== Exercise aim ==
Leave out the pictures and copy every record exactly.
Records provided section start
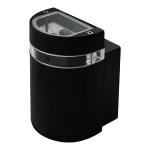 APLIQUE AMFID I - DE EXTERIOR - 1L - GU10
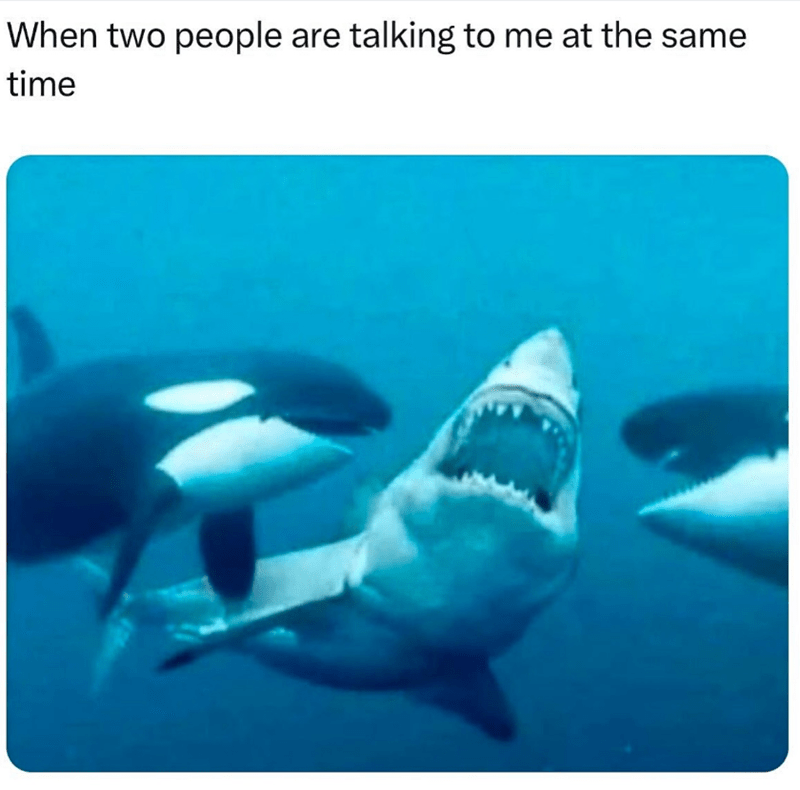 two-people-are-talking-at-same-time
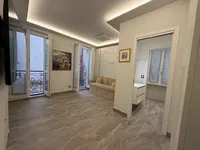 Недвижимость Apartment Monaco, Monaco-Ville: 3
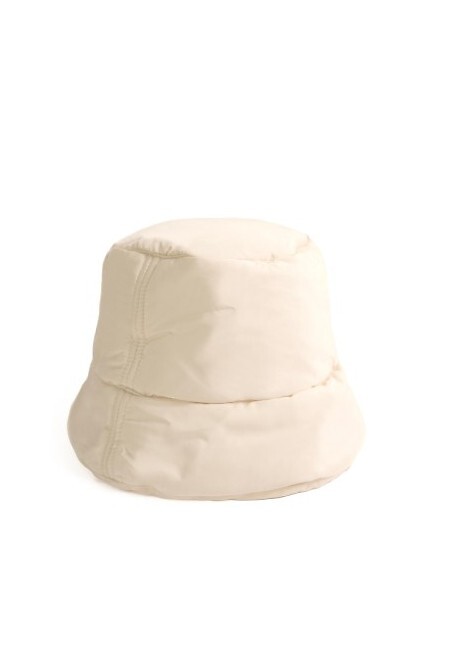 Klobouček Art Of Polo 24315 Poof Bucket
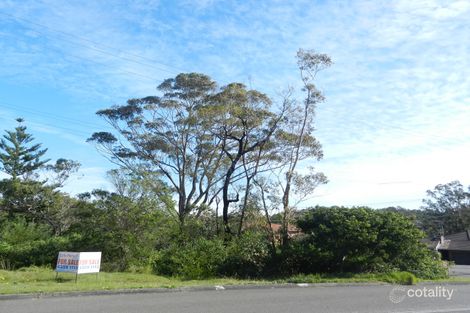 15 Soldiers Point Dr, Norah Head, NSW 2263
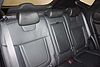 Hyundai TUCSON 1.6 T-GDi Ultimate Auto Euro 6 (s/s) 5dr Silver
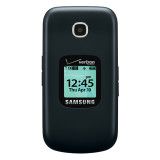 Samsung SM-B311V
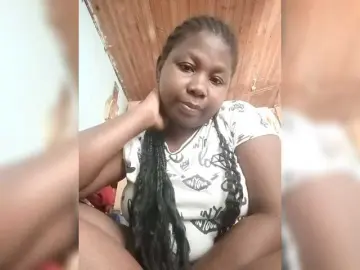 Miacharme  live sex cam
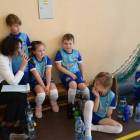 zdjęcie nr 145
Records provided section end
== Expected answer ==
 APLIQUE AMFID I - DE EXTERIOR - 1L - GU10
 two-people-are-talking-at-same-time
 Недвижимость Apartment Monaco, Monaco-Ville: 3
 Klobouček Art Of Polo 24315 Poof Bucket
 15 Soldiers Point Dr, Norah Head, NSW 2263
 Hyundai TUCSON 1.6 T-GDi Ultimate Auto Euro 6 (s/s) 5dr Silver
 Samsung SM-B311V
 Miacharme  live sex cam
 zdjęcie nr 145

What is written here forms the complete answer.